From 2007 to 2011 data, people applied for the loan in the 2011. They founded in 2006 so it took them almost 5 years to gain the momentum.
Is there any relationship between loan amount requested and the loan amount granted?
ggplot 2: Loan Amount vs Funded Amount
ggplot(loan_data, aes(loan_amnt, funded_amnt)) +
geom_point(aes(colour = borrower_score)) +
labs(title = 'ggplot 2: Loan Amount vs. Funded Amount') +
geom_smooth()

In this plot, we see how the scatter plot looks like for the applied amount of loan vs the funded amount of loan.
I’ve used borrower_score variable as colour aesthetic to see how these people fall into these funded amount and what’s their scores look like regarding to that amount.
I’ve used two variables, loan_amnt and funded_amnt.
As we can see in the plot above, most of the time they approved the loan amount applied by the borrowers.
Although, in few cases they reduced the amount of loan and there could be multiple reasons for that.
Mostly they approved loans for the people with higher borrower scores but in many cases they approved loans for the people with lower borrower scores.
What was the installments for the funded loan?
ggplot 3: Installment vs Funded Amount
ggplot(loan_data, aes(installment, funded_amnt)) +
geom_point(aes(colour = borrower_score)) +
labs(title = 'ggplot 3: Installment vs.
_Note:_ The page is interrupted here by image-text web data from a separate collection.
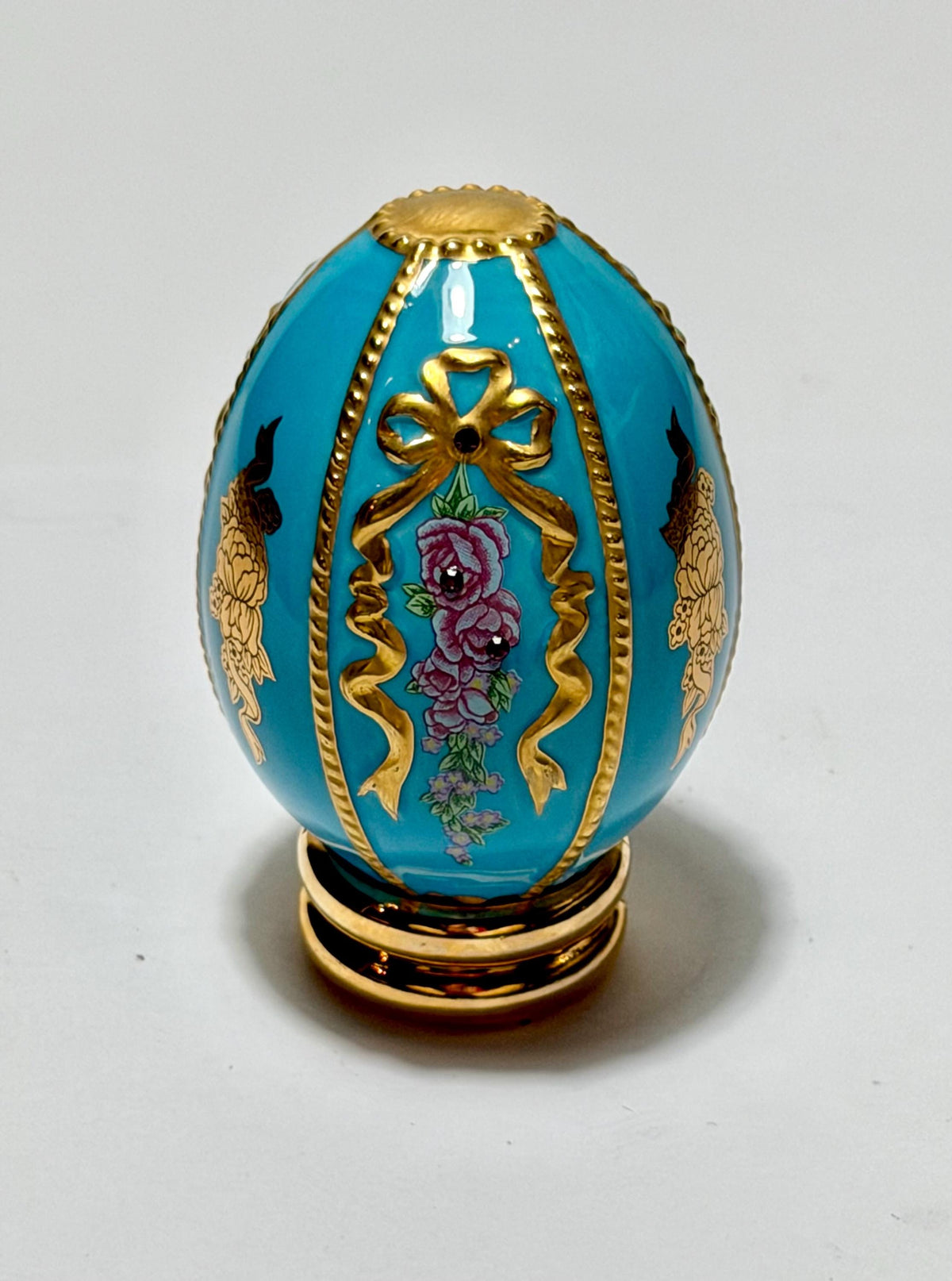 House of Fabergé turquoise porcelain Collector Egg, Faberge 24K gilt,  crystals,  faberge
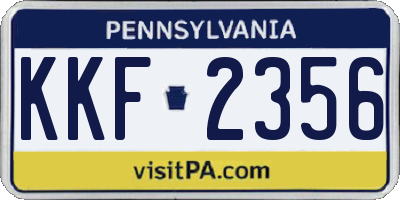 PA license plate KKF2356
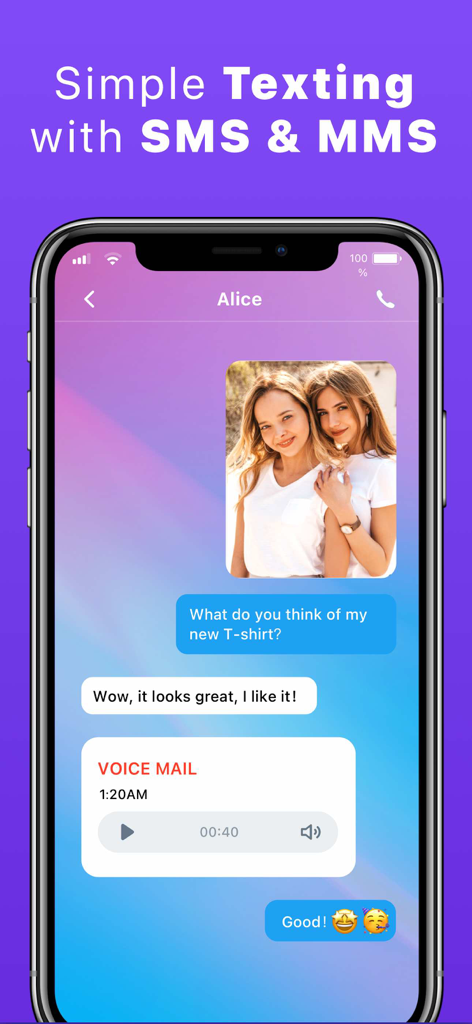 Text App: Wifi Calling+Texting - Interfaz de chat de SMS y MMS de la aplicación móvil mostrando una conversación con intercambio de fotos y un reproductor de correo de voz integrado.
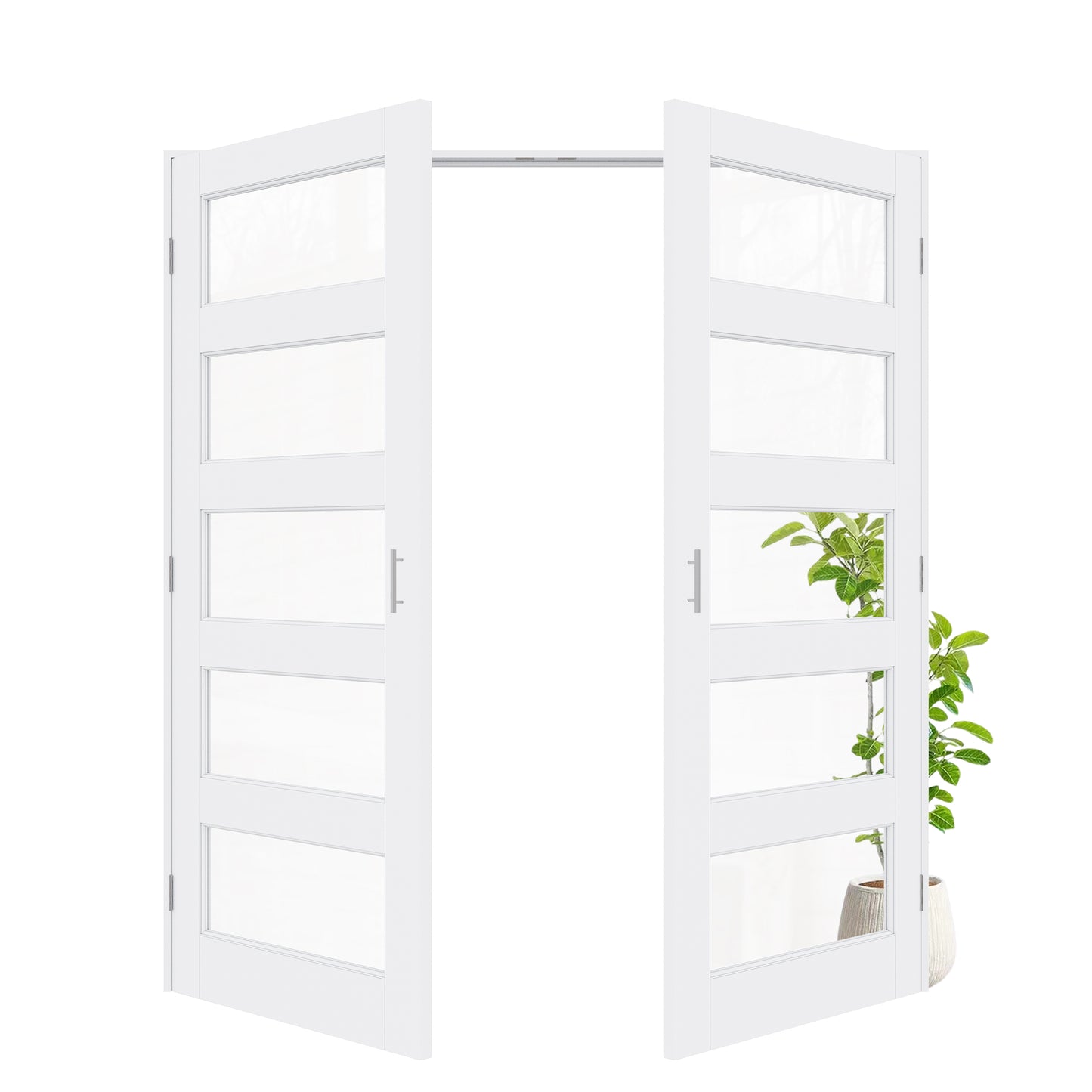 Jujubon 5-Lite Clear Glass White Solid Core Finished Glass French Door Panels with Silver Ball Catch, with Ready-to-Assemble Jamb
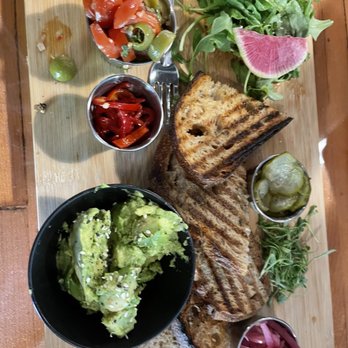 Escape Craft Brewery - Avocado toast platter - Breweries Near Me - Redlands, California Escape Craft Brewery - Avocado toast platter - Breweries Near Me - Redlands, California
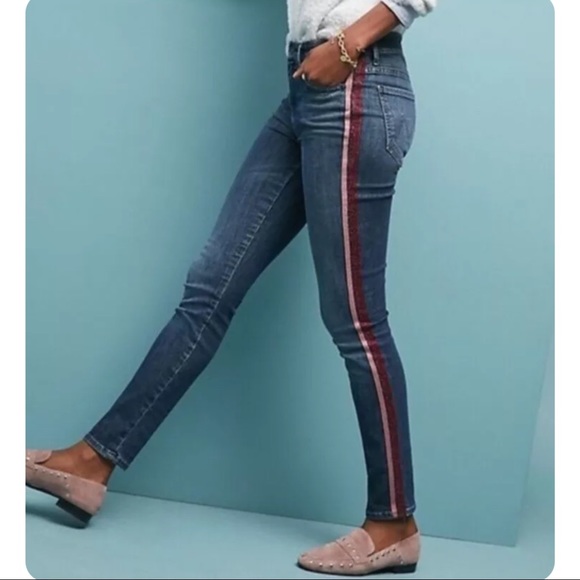 MOTHER Denim - MOTHER JEANS The Looker Ankle Here kitty kitty Glitter Racer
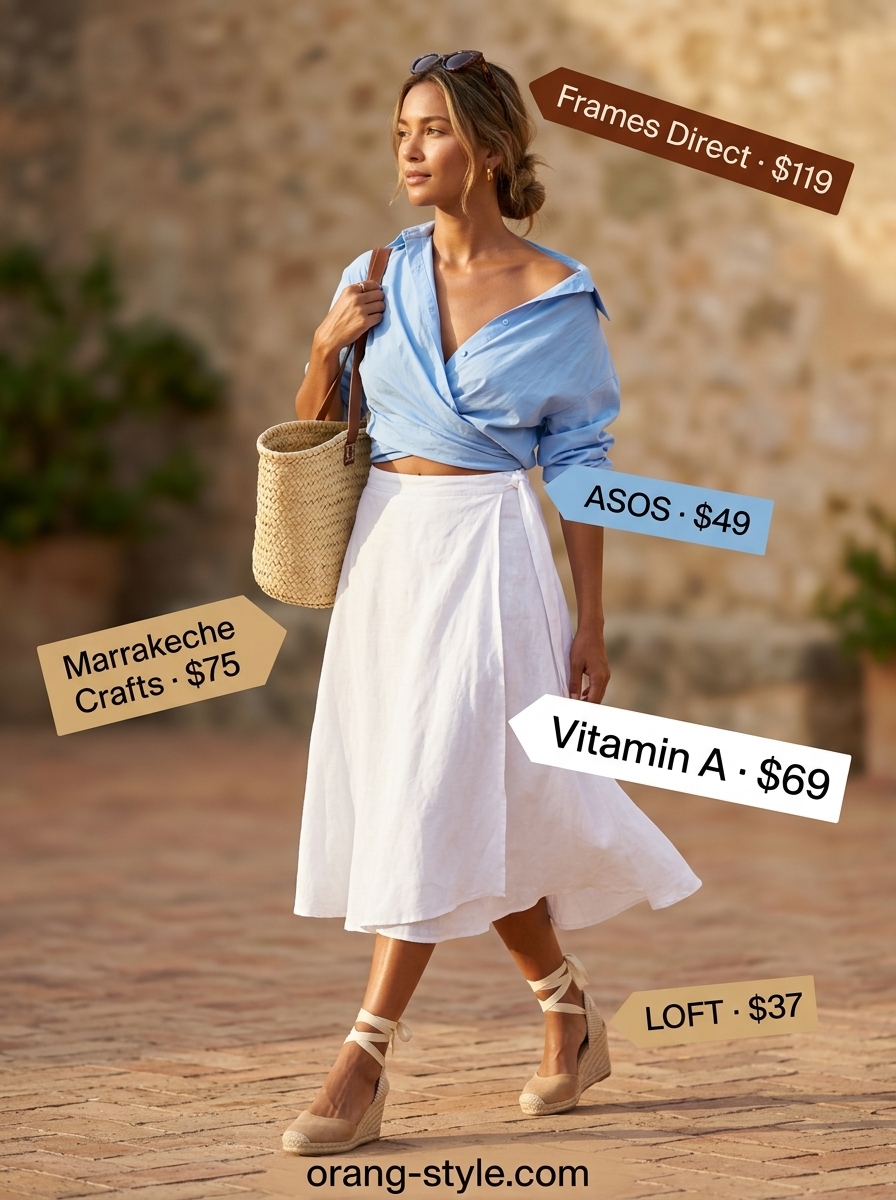 Elegant white linen wrap skirt outfit for summer skirt outfits 2026, ideal for resort wear.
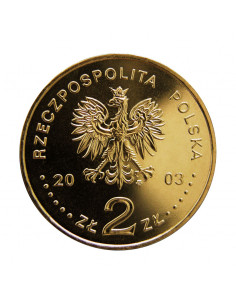 Awers monety 2 zł 2003 150lecie narodzin przemysłu naftowego i gazowniczego 2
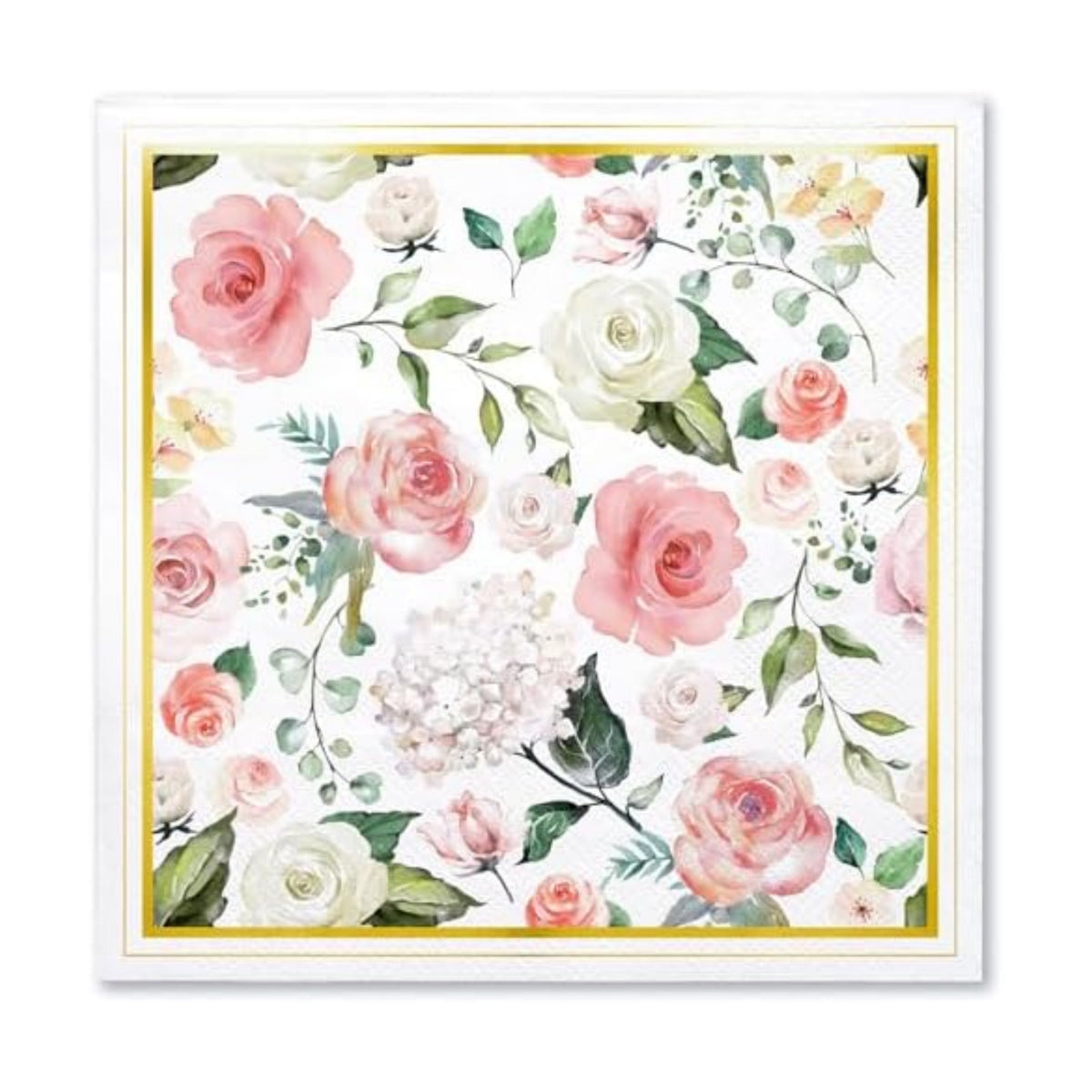 WRAPAHOLIC 50Pcs Gold Foil Floral Napkins - 3 Ply Disposable Paper Luncheon Napkin for Wedding Birthday Bridal Tableware Party Supplies - 6.5 x 6.5 In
Funded Amount') +
geom_smooth()

In this plot, we see how the scatter plot looks like for the amount of installments for funded amount of loan.
I’ve used two variables, installment and funded_amnt.
I’ve used borrower_score variable as colour aesthetic to see how these people fall into these funded amount and what’s their scores look like regarding to that amount.
As we can can clearly see the installments for lower loans are lower and installments for higher loans are higher. The smooth curve seems like supporting this conclusion.
The one interesting fact we can discover from this plot is there is a range of installments for the same amount of loan. That means some people paid higher installments and some people paid lower installments with the same amount of loan. Their borrower score could be one of the reasons for that.
Also, We see most of the higher installments are from the people with lower borrower scores but still we don’t see any huge difference between the installments of people with lower borrower score vs people with higher borrower score.
I want to call this “A Post Office Example”
Is there any relationship between the funded amount and the annual income?
ggplot 4: Annual Income vs Funded Amount
ggplot(loan_data, aes(annual_inc, funded_amnt)) +
geom_point(aes(colour = borrower_score)) +
labs(title = 'ggplot 4: Annual Income vs. Funded Amount') +
geom_smooth()

In this plot, we see how the scatter plot looks like for the funded amount vs their annual income.
I’ve used two variables, annual_inc and funded_amnt.
I’ve used borrower_score variable as colour aesthetic to see how these people fall into these funded amount and what’s their scores look like regarding to that amount.
It looks like there are some really high income borrowers still applying for loans and borrowing money!
And by that I am talking about super rich people! This one person has an annual income of
max(loan_data$annual_inc,na.rm = TRUE)
## [1] 6e+06
That is whopping 6000000!!!!!
It’s Unbelievable! An annual income of $6 million. That is like tier 3 position in top 10 public companies… who is this person?
loan_data[which(loan_data$annual_inc == max(loan_data$annual_inc,na.rm = TRUE)),]$emp_title
## [1] "post office"
What? A post office guy??? I don’t believe that this is a valid data.
Apparently the Lending Club didn’t do a good job maintaining the information very well.
Let’s see some other high income people’s loan data look like.
loan_data[which(loan_data$annual_inc > 1000000),]$emp_title
## [1] "Montgomery ISD"
## [2] "St. John Lutheran Church"
## [3] "post office"
## [4] "Dept of army"
## [5] "Hewlett Packard"
## [6] "Lockheed Martin"
## [7] "at&t wireless"
## [8] "Convent of the Sacred Heart"
## [9] "WCP"
## [10] "TelSource Corp"
## [11] "NYCDOE"
## [12] "Stryker Instruments"
## [13] "Avis Budget Group"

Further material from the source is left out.